Quindi questo blog continua sull'onda dei ricordi. Ricordi sempre piu antichi, la preistoria delle mie esperienze nautiche, roba di quando mi portavo in giro un catamarano di quattro metri sul tetto dell'auto. Sentite un po queste considerazioni naturalistiche e scanzonate di ambienti particolari…
 
Hoeanà
 
-Si parte dall'aeroporto Marco Polo di Mestre-
- In catamarano dall' aeroporto!?-
- Si. Guarda la cartina. C'è un canale che dalla laguna si spinge fin alle piste di rullaggio, quasi sotto le ali degli aerei. Il canale Tessera. Collegamento turisti con i taxi Riva-
Partenza sofferta. Dopo una notte passata a guidare ci concediamo due ore di sonno in attesa dell'alba, rattrappiti sui sedili della R4 , detta sgabuzzin, nella sarabanda delle zanzare che filtrano da tutti i buchi.

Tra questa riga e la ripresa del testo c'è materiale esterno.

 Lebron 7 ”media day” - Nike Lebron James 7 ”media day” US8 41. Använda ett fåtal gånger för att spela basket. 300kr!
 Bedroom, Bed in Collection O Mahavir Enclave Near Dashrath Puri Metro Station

Montiamo il catamarano nell'unica spiaggetta del canale ingombra di detriti, cocci, vetri su una fanghiglia dove si affonda fino al ginocchio, tanto che al momento del varo bisogna allestire una passerella di tavole per spinger la barca in acque sufficientemente profonde. Bassa marea.
Walter va a parcheggiare l'auto in un posto sicuro. Devo quindi andare a prenderlo cinquecento metri piu in su alla banchina terminale. Ciò mi costa una furiosa pagaiata controvento in un'acqua maleodorante continuamente sconvolta dal passaggio dei motoscafi-taxi di Venezia che si avventano rombando senza ritegno.

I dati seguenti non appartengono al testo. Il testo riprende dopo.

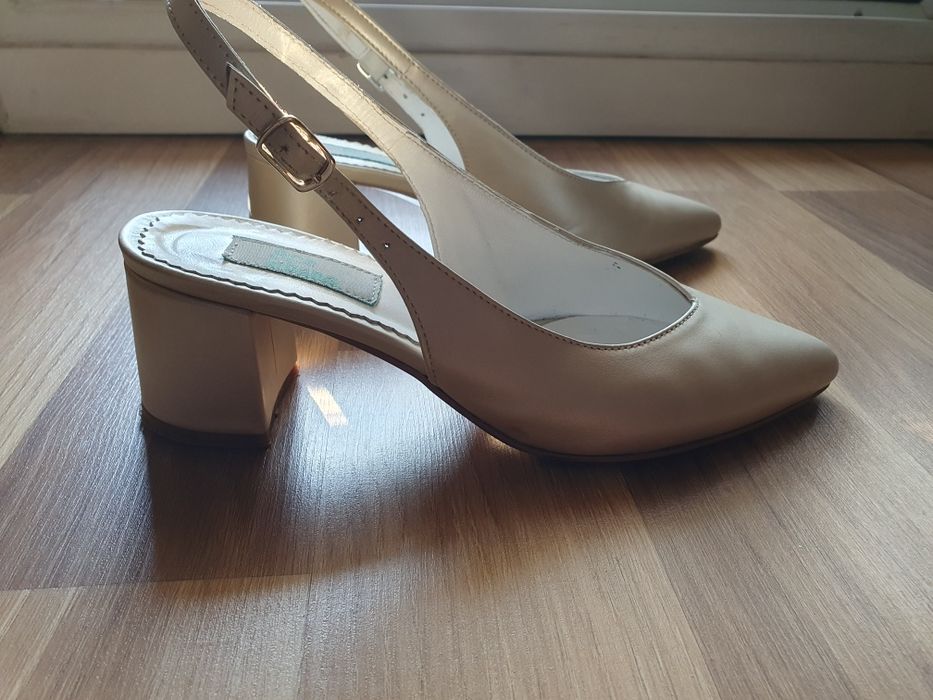 Pantofi albi mireasa 37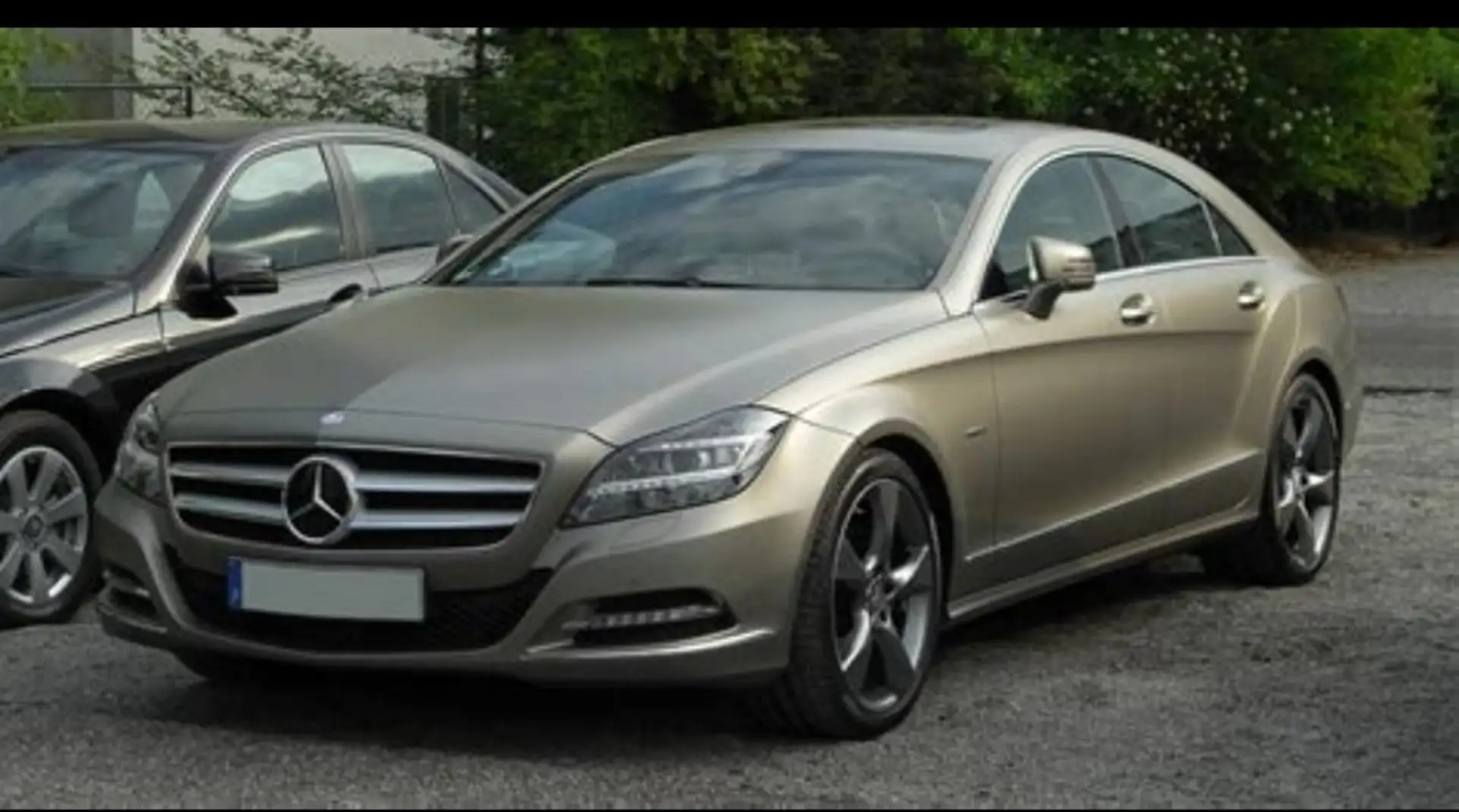 Mercedes-Benz 350 CLS Coupé Grau - 1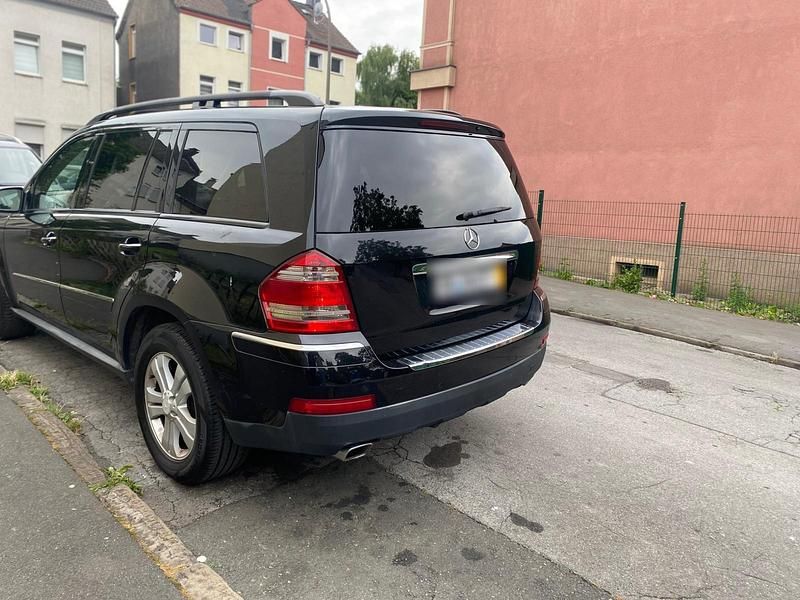 Schwarz Gebraucht 2008 Mercedes GL320 SUV | 8.400 € (Fairer Preis) - Bild 1/4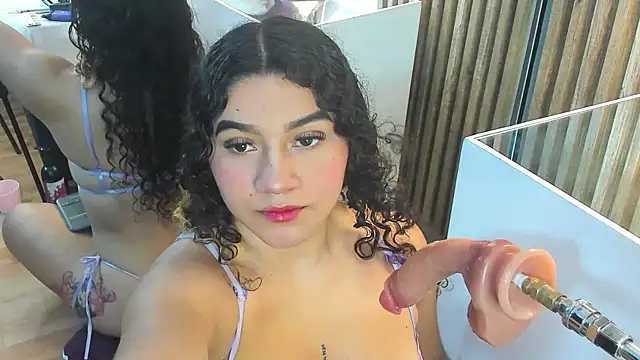 Snapshot of Gretta_Wild chatting on November 30, 12:31 pm Gretta Wild online show from November 30, 12:31 pm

Walter salta su. Una spinta, due colpi di pagaia, le vele si gonfiano ed ecco, in un lungo sospiro la barca prende abbrivio. Alla via.

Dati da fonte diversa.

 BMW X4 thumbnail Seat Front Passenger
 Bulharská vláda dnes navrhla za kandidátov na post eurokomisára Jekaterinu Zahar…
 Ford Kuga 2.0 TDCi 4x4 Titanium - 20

Sospesi tra terra mare e cielo, nella luce irreale di un disco rosso appena uscito da un invisibile orizzonte, scivoliamo quasi trattenendo il fiato tra canneti appena mossi dalla brezza, filari di briccole che si specchiano nell'acqua immobile, isolette che appaiono e scompaiono nella foschia in un silenzio che sarebbe perfetto se non fosse squarciato, violentato ogni tanto dal frastuono dei Jet in partenza. Seguiamo la processione dei pali. In lontananza Murano e piu in la Venezia con i suoi campanili.
Sorpassiamo l’isoletta Tessera, piccolo mondo in miniatura costituito da alcune casette in pietra chiara racchiuse da un muro di cinta tappezzato di edera, che si apre con un arco su un minuscolo porticciolo ricavato in una insenatura naturale. Il tutto annegato nel verde.
Il sole comincia a picchiare. Aggiriamo Murano. Case e case a pelo d’acqua, canaletti che entrano ed escono, viavai di chiatte e motoscafi.
San Michele, isola. Il traffico dei battelli comincia a farsi sostenuto. Siamo di bolina e per non dover virare usciamo dai pali cercando di proseguire sullo stesso bordo ma dopo pochi metri ci troviamo a raspare il fondo.
Proseguiamo allora con derive e timoni sollevati; niente, verso la Certosa dobbiamo scendere e spingere la barca sprofondando nella melma ad ogni passo.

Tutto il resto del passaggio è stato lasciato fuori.